--- THE DATA Enclosed Below ---

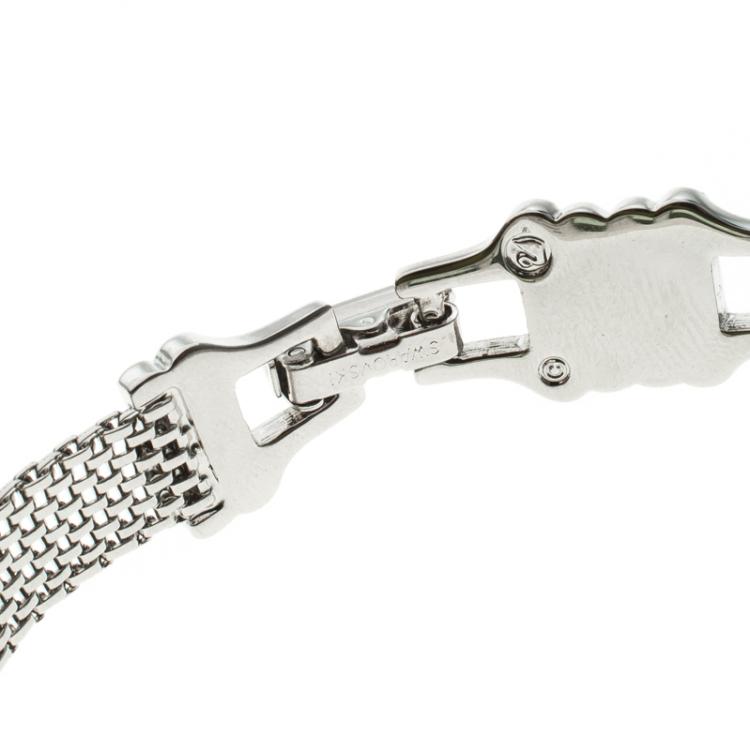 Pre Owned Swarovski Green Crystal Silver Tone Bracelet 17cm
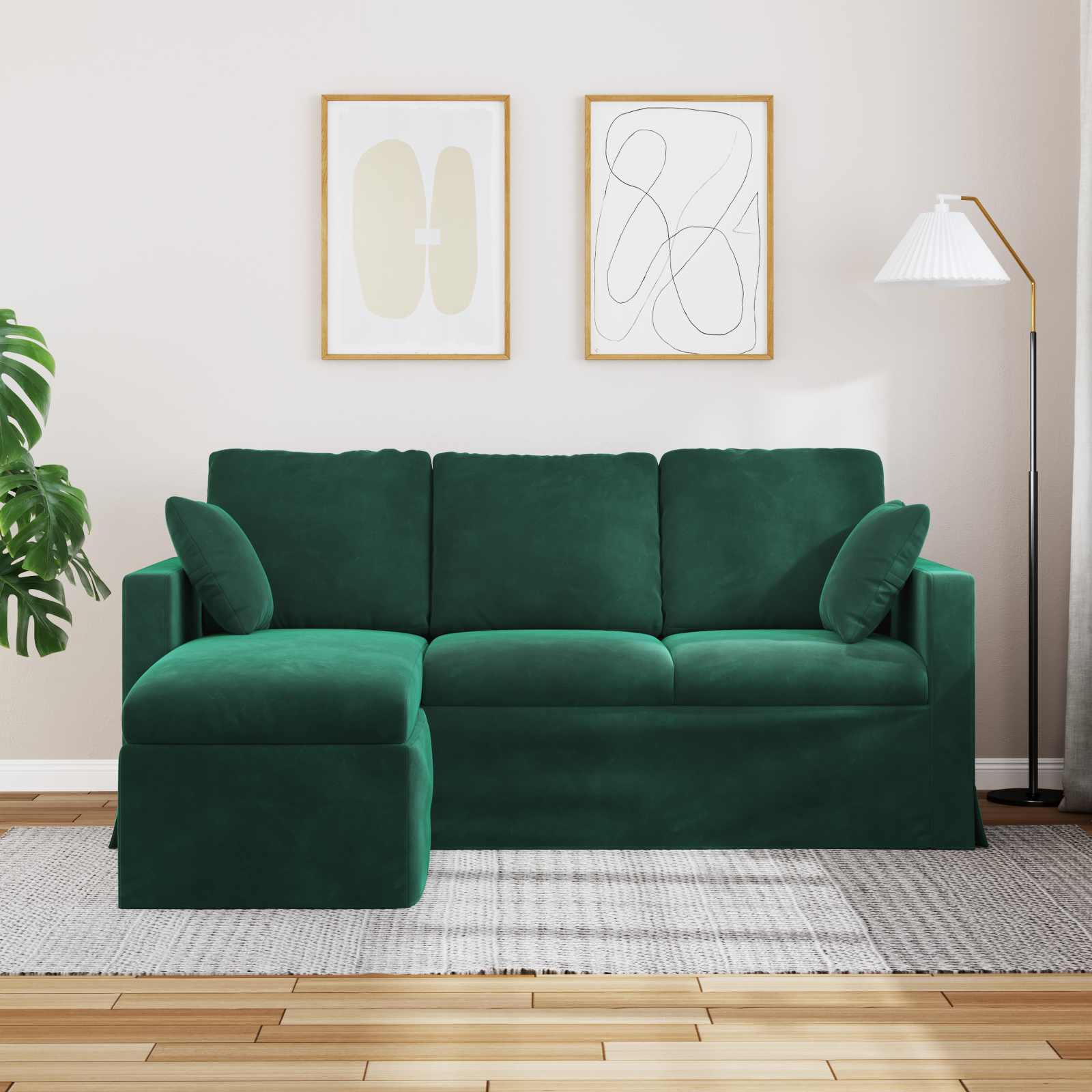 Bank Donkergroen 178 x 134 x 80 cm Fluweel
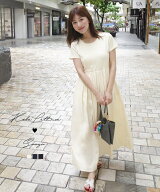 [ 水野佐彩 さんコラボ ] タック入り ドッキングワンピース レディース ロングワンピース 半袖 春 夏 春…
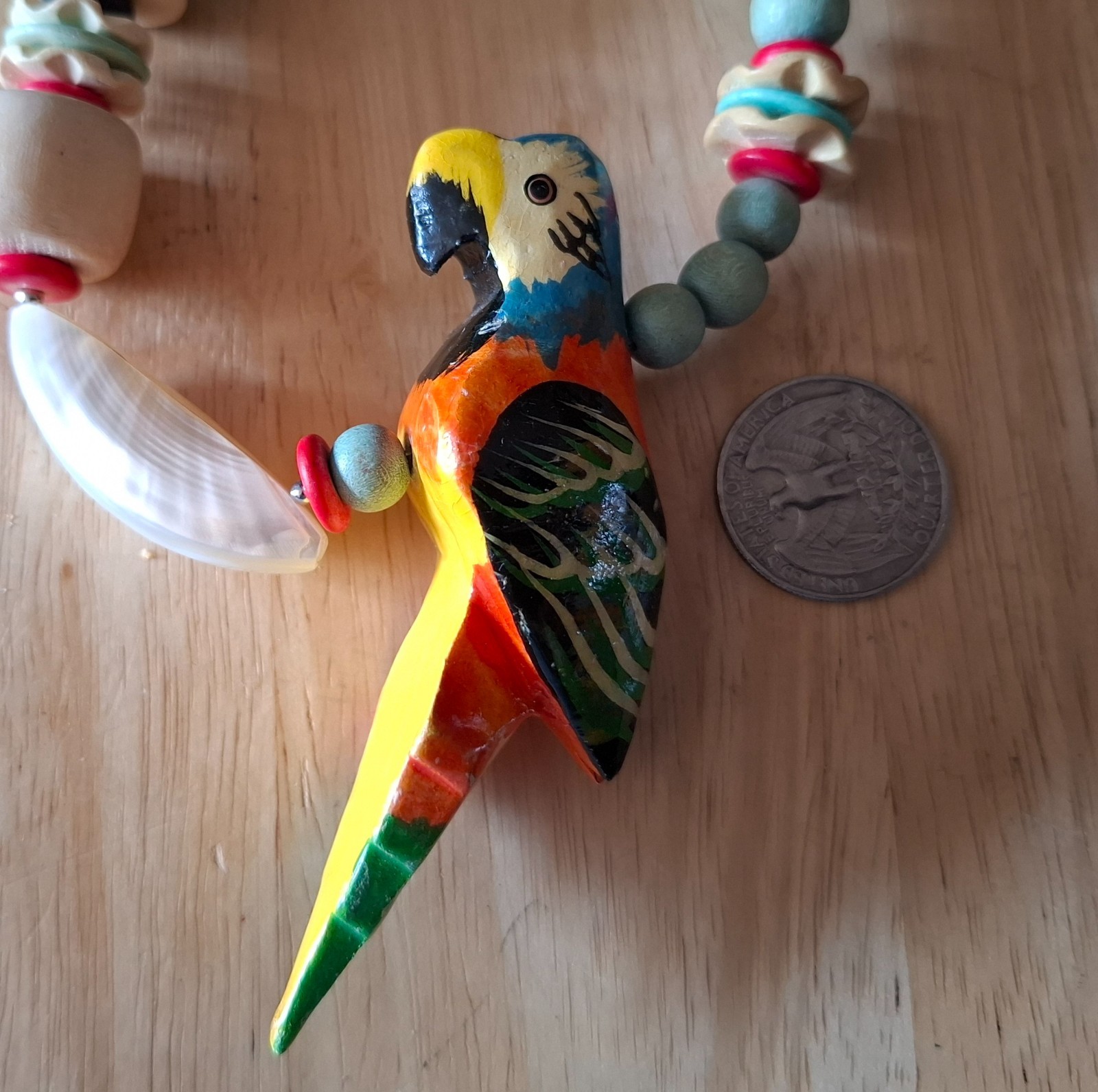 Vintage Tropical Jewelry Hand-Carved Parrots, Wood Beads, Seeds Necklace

--- End of Enclosed THE DATA ---
--- THE DATA Enclosed Below ---

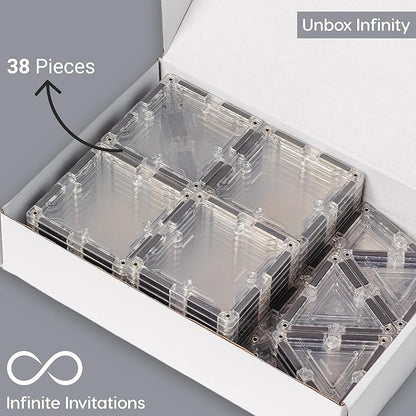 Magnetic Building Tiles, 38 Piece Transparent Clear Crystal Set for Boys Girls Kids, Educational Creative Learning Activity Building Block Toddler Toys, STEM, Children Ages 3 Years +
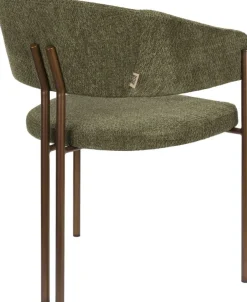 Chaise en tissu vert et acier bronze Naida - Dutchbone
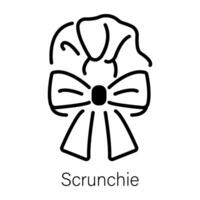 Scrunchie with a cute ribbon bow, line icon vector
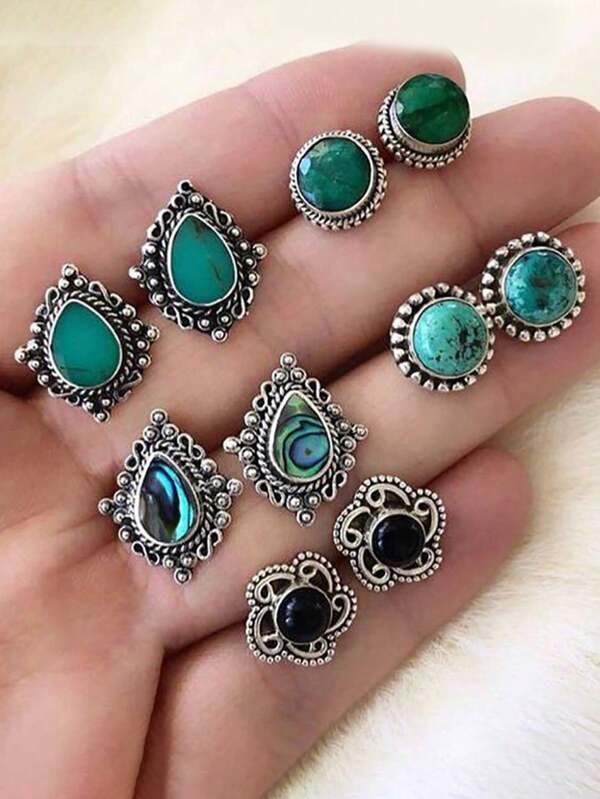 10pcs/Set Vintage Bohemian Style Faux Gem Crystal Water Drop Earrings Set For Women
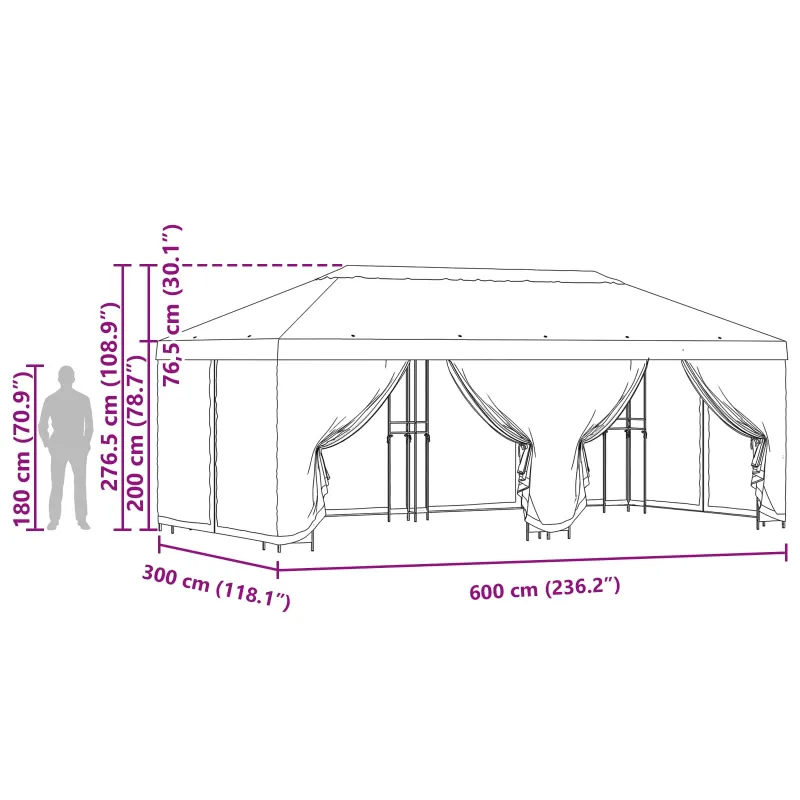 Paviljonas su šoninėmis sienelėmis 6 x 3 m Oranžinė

--- End of Enclosed THE DATA ---

Copy out the listing above from the line containing "Magnetic Building Tiles, 38" to the line containing "Paviljonas su šoninėmis", both included, exactly as written and minus the images.

RESULT FOR THIS TASK
 Magnetic Building Tiles, 38 Piece Transparent Clear Crystal Set for Boys Girls Kids, Educational Creative Learning Activity Building Block Toddler Toys, STEM, Children Ages 3 Years +
 Chaise en tissu vert et acier bronze Naida - Dutchbone
 Scrunchie with a cute ribbon bow, line icon vector
 10pcs/Set Vintage Bohemian Style Faux Gem Crystal Water Drop Earrings Set For Women
 Paviljonas su šoninėmis sienelėmis 6 x 3 m Oranžinė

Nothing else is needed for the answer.